Data for this task:

╭──

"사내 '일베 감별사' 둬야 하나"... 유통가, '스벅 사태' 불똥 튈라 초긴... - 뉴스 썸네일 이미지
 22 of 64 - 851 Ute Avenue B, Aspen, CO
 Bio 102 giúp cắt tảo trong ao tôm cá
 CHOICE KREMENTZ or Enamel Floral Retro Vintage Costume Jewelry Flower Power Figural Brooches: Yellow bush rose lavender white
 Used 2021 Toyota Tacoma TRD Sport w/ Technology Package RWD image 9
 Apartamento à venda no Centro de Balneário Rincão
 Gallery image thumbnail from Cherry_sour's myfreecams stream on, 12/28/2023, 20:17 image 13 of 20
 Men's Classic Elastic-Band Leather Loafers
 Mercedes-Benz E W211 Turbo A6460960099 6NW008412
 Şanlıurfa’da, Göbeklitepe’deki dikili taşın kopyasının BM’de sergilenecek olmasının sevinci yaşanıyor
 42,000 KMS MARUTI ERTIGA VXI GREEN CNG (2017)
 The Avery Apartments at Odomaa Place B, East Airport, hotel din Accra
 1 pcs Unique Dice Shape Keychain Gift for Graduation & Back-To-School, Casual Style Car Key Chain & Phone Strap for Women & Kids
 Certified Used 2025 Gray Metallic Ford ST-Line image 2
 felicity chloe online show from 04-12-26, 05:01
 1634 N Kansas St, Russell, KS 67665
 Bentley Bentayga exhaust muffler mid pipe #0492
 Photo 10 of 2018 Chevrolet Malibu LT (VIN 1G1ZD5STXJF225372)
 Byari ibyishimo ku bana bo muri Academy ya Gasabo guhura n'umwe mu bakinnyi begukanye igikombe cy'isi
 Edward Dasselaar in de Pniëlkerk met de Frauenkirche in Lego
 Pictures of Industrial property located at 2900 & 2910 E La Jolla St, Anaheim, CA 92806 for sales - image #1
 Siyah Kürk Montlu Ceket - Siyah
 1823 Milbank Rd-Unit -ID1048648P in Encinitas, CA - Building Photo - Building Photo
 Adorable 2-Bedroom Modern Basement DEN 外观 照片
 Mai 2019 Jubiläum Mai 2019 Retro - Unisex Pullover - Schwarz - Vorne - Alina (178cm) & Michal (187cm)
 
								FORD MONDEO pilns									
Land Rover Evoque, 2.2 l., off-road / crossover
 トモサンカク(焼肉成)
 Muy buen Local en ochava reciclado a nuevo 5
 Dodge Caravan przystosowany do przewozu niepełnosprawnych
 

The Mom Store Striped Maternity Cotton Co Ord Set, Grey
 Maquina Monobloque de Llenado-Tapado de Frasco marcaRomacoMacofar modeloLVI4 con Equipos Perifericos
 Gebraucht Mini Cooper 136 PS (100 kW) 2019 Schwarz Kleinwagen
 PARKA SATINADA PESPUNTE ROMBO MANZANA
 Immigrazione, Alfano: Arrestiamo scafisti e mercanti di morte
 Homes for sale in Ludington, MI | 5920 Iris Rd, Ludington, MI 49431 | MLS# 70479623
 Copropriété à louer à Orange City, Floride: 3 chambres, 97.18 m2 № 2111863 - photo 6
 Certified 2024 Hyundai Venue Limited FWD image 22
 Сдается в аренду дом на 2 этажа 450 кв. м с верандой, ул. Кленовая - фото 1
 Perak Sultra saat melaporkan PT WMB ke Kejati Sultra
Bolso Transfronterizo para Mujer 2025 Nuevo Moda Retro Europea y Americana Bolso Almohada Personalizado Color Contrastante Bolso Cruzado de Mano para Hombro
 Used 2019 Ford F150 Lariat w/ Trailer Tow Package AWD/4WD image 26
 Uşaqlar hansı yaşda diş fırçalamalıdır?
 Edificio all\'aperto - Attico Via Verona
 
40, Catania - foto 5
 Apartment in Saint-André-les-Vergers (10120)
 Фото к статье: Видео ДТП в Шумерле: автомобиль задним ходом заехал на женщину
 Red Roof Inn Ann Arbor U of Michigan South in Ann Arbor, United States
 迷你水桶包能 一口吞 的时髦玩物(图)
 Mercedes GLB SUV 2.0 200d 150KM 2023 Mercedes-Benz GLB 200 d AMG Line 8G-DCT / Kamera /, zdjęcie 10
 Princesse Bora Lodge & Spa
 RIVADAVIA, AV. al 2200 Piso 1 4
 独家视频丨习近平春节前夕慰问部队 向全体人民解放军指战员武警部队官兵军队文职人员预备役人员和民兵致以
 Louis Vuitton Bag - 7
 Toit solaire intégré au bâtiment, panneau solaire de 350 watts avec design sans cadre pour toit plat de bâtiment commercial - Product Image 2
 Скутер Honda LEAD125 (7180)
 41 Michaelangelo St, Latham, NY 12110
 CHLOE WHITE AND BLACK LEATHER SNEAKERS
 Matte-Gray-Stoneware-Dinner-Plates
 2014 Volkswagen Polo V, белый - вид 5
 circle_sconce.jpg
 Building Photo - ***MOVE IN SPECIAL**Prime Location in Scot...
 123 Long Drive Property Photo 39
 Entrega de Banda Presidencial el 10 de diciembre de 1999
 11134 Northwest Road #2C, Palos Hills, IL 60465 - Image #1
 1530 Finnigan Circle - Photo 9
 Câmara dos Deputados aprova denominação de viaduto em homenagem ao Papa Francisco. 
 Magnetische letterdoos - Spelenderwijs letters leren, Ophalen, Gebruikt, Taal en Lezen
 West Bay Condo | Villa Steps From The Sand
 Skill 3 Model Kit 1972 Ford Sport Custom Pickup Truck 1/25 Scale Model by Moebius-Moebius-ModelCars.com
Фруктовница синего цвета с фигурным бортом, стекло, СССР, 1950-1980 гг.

╰──

Assignment:
In the listing above, locate the line containing "Şanlıurfa’da, Göbeklitepe’deki dikili" and the line containing "Siyah Kürk Montlu Ceket - Siyah". Transcribe those two lines and everything between them, exactly as written.

The completed task:
 Şanlıurfa’da, Göbeklitepe’deki dikili taşın kopyasının BM’de sergilenecek olmasının sevinci yaşanıyor
 42,000 KMS MARUTI ERTIGA VXI GREEN CNG (2017)
 The Avery Apartments at Odomaa Place B, East Airport, hotel din Accra
 1 pcs Unique Dice Shape Keychain Gift for Graduation & Back-To-School, Casual Style Car Key Chain & Phone Strap for Women & Kids
 Certified Used 2025 Gray Metallic Ford ST-Line image 2
 felicity chloe online show from 04-12-26, 05:01
 1634 N Kansas St, Russell, KS 67665
 Bentley Bentayga exhaust muffler mid pipe #0492
 Photo 10 of 2018 Chevrolet Malibu LT (VIN 1G1ZD5STXJF225372)
 Byari ibyishimo ku bana bo muri Academy ya Gasabo guhura n'umwe mu bakinnyi begukanye igikombe cy'isi
 Edward Dasselaar in de Pniëlkerk met de Frauenkirche in Lego
 Pictures of Industrial property located at 2900 & 2910 E La Jolla St, Anaheim, CA 92806 for sales - image #1
 Siyah Kürk Montlu Ceket - Siyah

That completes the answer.